姐姐来电话了,说老爹生病了,胆囊炎,胆结石,医生说要做胆囊摘取手术的呢。
做吧,现在的医疗水平这么高,做胆囊摘取手术就像割除一个小小的粉刺差不多吧。
姐姐说了,老爹害怕疼,不敢做的。
啊?有这事,哈哈,机会终于来了,我可的回家管管我老爹了,都是七十三岁的大人了,还怕疼?真是的。
在病床上,陪我老爹聊天,给他好好梳理头发:“老爹,我的好好给你数数,看还有多少黑头发。”
“拉倒吧,一根儿都没有了,全是白的了。”
“不对、不对,有的、有的,看,这不是吗?,一根儿黑的呢。哎呀,哈,就一根儿,还给您拔下来了,哈哈。”
老爹盘坐在病床上,露出了小腿上的伤疤。
“老爹,您这伤疤是不是小的时候淘气摔的呀?嘻嘻。”
“拉倒吧,这可是在辽沈战役中,打锦州时留下的呢。”
“哎,老爹,说您不到十七岁就当兵了呀,就在那万恶的旧社会,吃康咽菜的,就您这小体格子,当兵时咋也比枪高吧?”

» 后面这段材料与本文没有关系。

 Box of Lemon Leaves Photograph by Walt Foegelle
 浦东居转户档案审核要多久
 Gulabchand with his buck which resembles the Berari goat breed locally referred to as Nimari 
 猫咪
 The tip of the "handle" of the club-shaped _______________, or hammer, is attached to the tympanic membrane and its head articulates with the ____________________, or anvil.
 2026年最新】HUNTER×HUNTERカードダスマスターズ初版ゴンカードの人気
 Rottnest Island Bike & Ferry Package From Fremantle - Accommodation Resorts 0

“小瞧人不是,我比枪高、高半头呢,正正经经的“四野”的兵,牛!从东北打到西南,走遍大江南北,黄河两岸,长城内外,啥阵势没见过呀,就敌人那子弹,嗖嗖从耳边飞过,哼,从没含糊过。”
“姐,看了没?我说过吧,不用扶着,不用扶着,老爹自己就能走进手术室,你还不信呢,““四野”的兵,牛!从没含糊过”哈哈。”

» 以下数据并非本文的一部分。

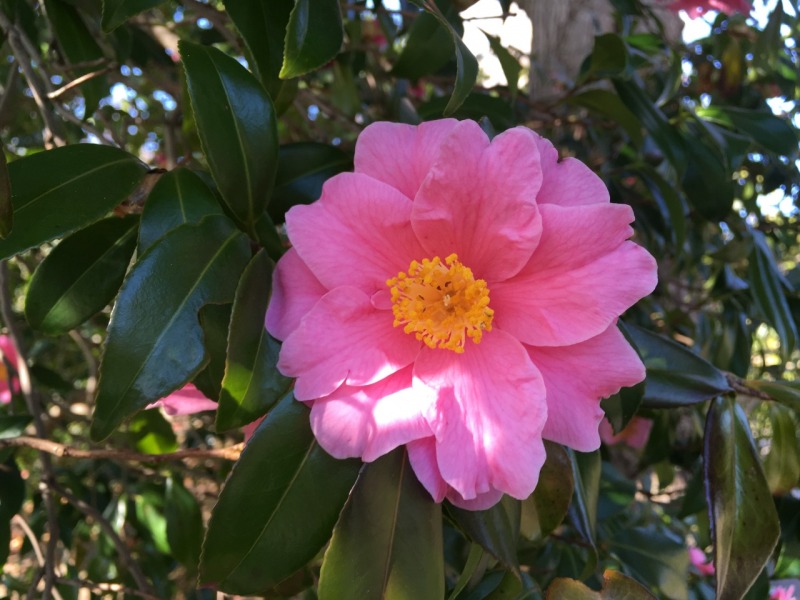 小室山公園 つばき観賞会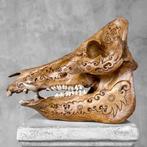 Geen minimumprijs - Prachtige bruine uitgehouwen patina wild, Antiek en Kunst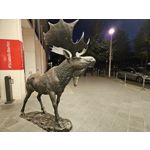 Zdjęcia użytkowników Samsung Galaxy Z Fold5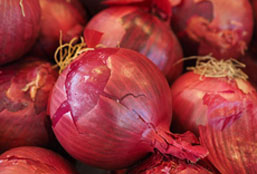 在线短信轰炸网页版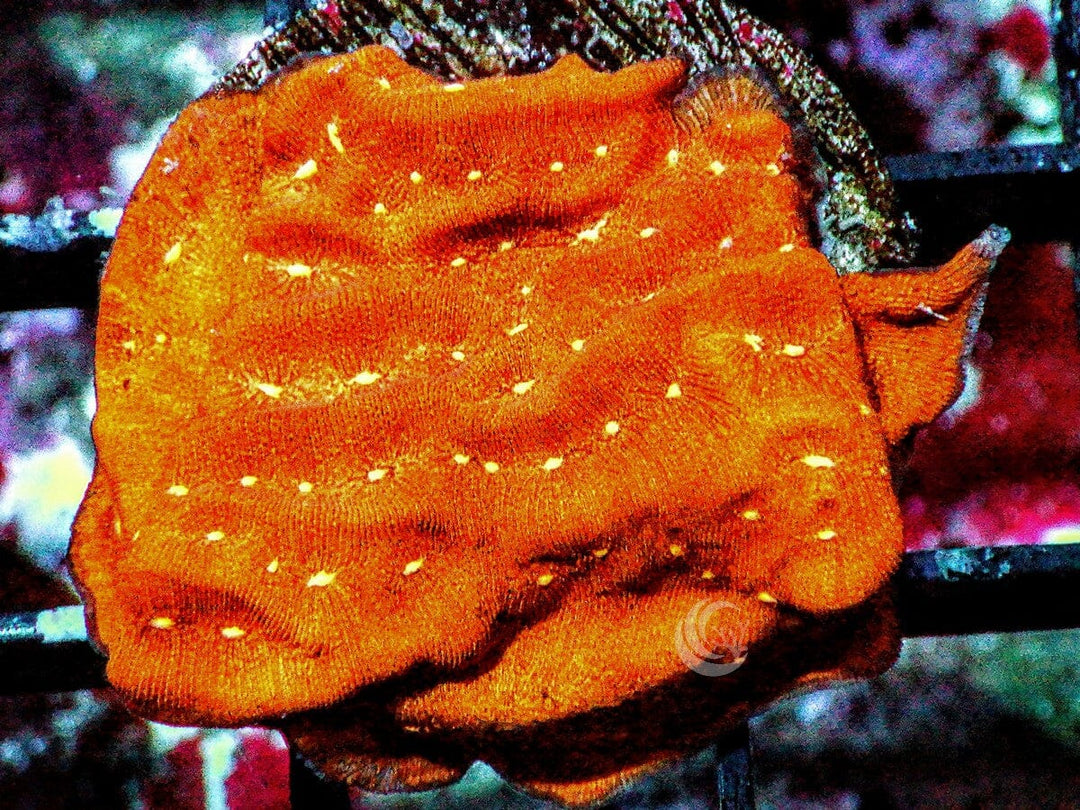Fantasia Leptoseris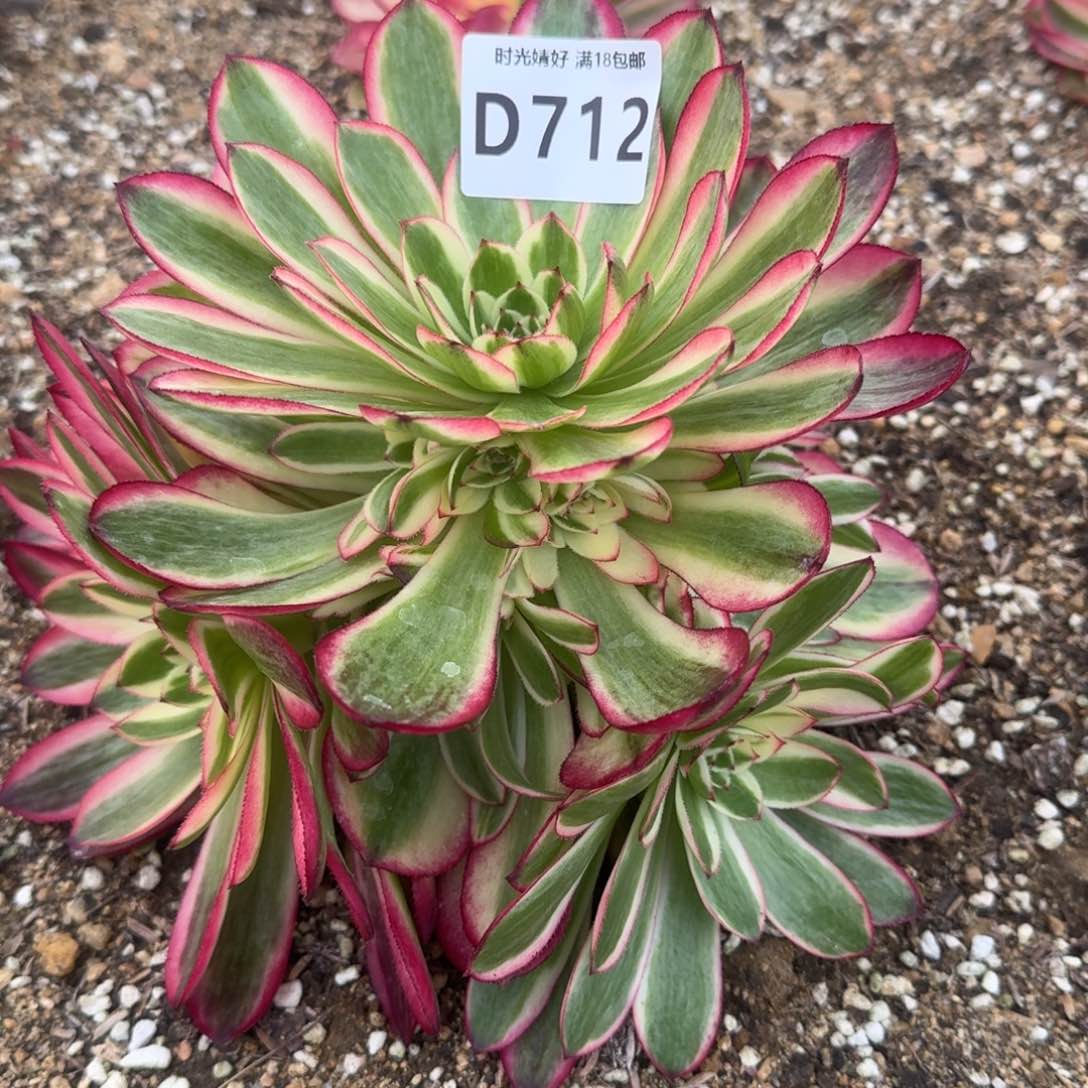 712荔枝多肉植物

“啊?呵呵,算了,做手术时,人家不叫穿衣服,你们还是把我推进去吧。”
这下我算是过瘾了,一直管到我老爹活蹦乱跳地出院。
算了,不说了,不说了,其实就一个想法,给像我一样至今还生活在“水深火热”之的男人们,提个醒儿,奋斗呀,想想办法呀。呵呵、嘻嘻、哈哈,这就是我——快乐一天!